In mid-December, we launched our new Sales Engineering department with the goal of providing more help for resellers selling Semify services to their customers. We’ve offered a beta proposal service for over 147 reseller prospects since we started. We've seen about 8% of these proposals close. We had set an internal goal of 25% so we are testing ideas to improve the close rate.

Today we will begin charging $25 for these “Done for You” proposals. If a reseller closes the proposal and signs the SOW within 30-days, we will apply the $25 towards the first month of the campaign. This program continues to be a beta so you should expect more changes as we work to make this a sustainable part of the program.

“Done for You” proposals include:

  • Service plans selected based on client goals
  • Competitive analysis
  • Keyword research

The “Done for You” proposals can be requested by selecting the Request Proposal button on the Agency Dashboard screen.

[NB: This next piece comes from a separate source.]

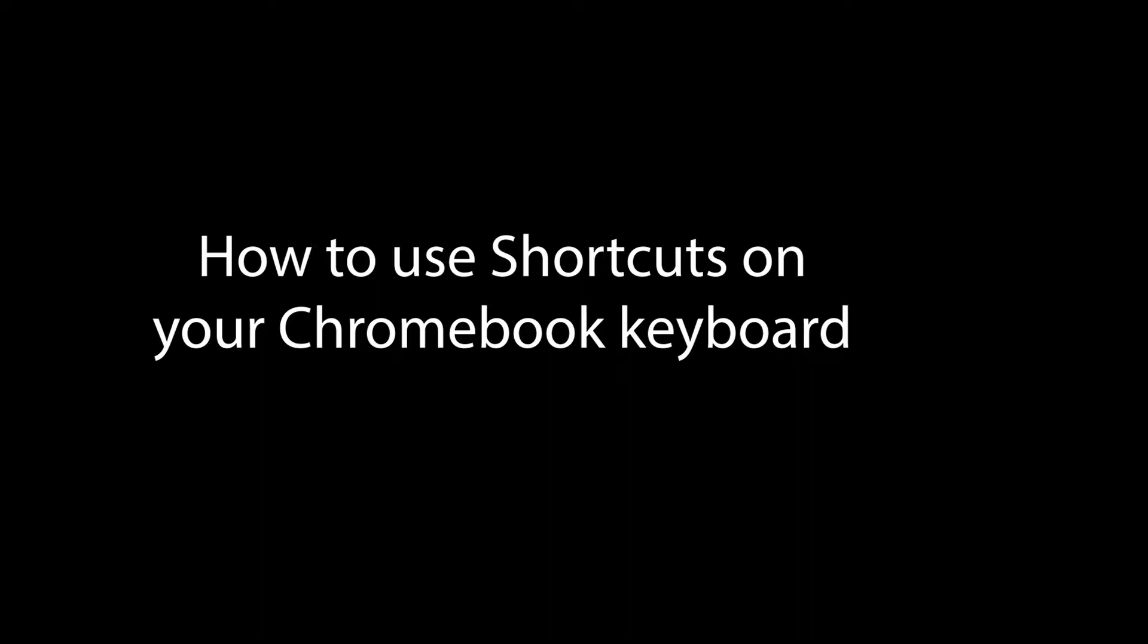Hello everyone, this is Lucia and in this video I'm going to show you how to use shortcuts on your Chromebook keyboard. So let's get started.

In addition to this announcement, we wanted to share our approach for making this decision. Most of our current customers know that Semify has implemented The Lean Startup methodology as a way to manage our innovation process. We talk about it in our monthly review calls and our newest customers hear about in our initial presentation. Lean Startup helps us sort through the hundreds of ideas that both your customers and employees bring to us. It allows us to understand cause and effect and find ways to improve our business.

Learning Goal

In this particular case, one of the goals for the Sales Engineering team was to learn how to help our customers close more proposals.

Leap of Faith Assumptions

The first step with the Lean Startup is to list out the assumptions that need to be tested in order to learn how to increase our proposal close rate. We brainstormed assumptions that tied to our learning goal. In other words, if we couldn’t prove the following to be true we would not be able to learn what we wanted to learn. Here is the list sorted from most to least risky.

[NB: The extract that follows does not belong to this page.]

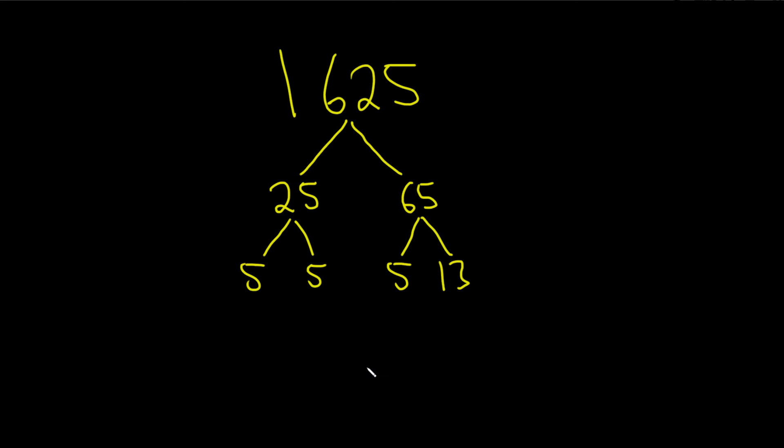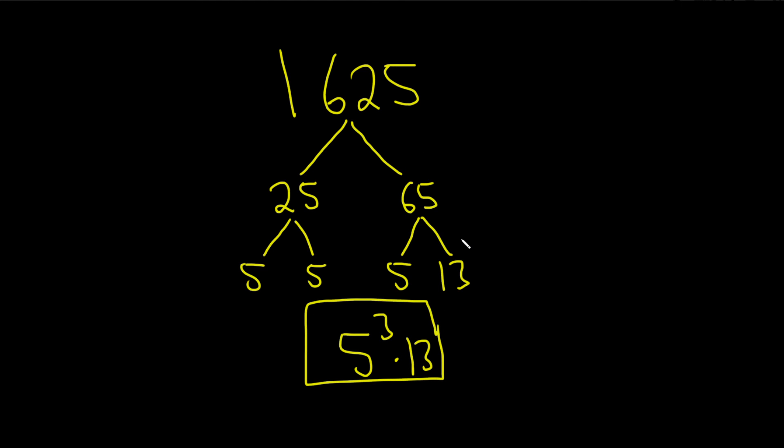And then now you just read it straight across, and that will give you the prime factorization. Just write it as 5 times 5 times 5. So that's 5 cubed, because there's three 5s. And then times 13. And that would be the prime factorization of 1625.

  • Our resellers have qualified prospects
  • Our resellers’ customers view the proposals
  • Our resellers have the training to close deals
  • Our proposals communicate the value of our services

We sorted these assumptions from most to least risky because you want to test the biggest uncertainty first and not waste time on things that are less risky. We then began work on testing the assumption that “our resellers have qualified prospects.”

Hypothesis

We then wrote up our hypothesis for the first experiment. It was “If we require our resellers to rigorously qualify their prospects, there will still be prospects.”

Experiment

Our team brainstormed several different ways to test this idea. Eric Ries suggests that teams should use the quickest most minimal way for testing their hypothesis. This prevents waste and and decreases cycle time. The other critical part of The Lean Startup is to test new ideas on new cohorts or groups of customers. Testing ideas on existing customers often confounds the experiment because these customer’s experience have been influenced by other factors.

In the end, we decided to test charging $25 per proposal. Our thinking was that resellers would better qualify their proposals requests if there was a small cost for creating proposals.

We then tested offering a $25 proposal to our next 5 resellers who joined the Semify program. We decided that if at least 60% (3 out of 5) were willing to pay $25 for a proposal within the first two weeks of their relationship with Semify then it would prove our hypothesis to be true.

Conclusion

After executing the experiment, 80% (4 out of 5) new resellers used the Proposal Request process. We, therefore, proved our hypothesis and rolled out this change to everyone. The team is now in the process of testing our next risky assumption and iterating on this initial experiment.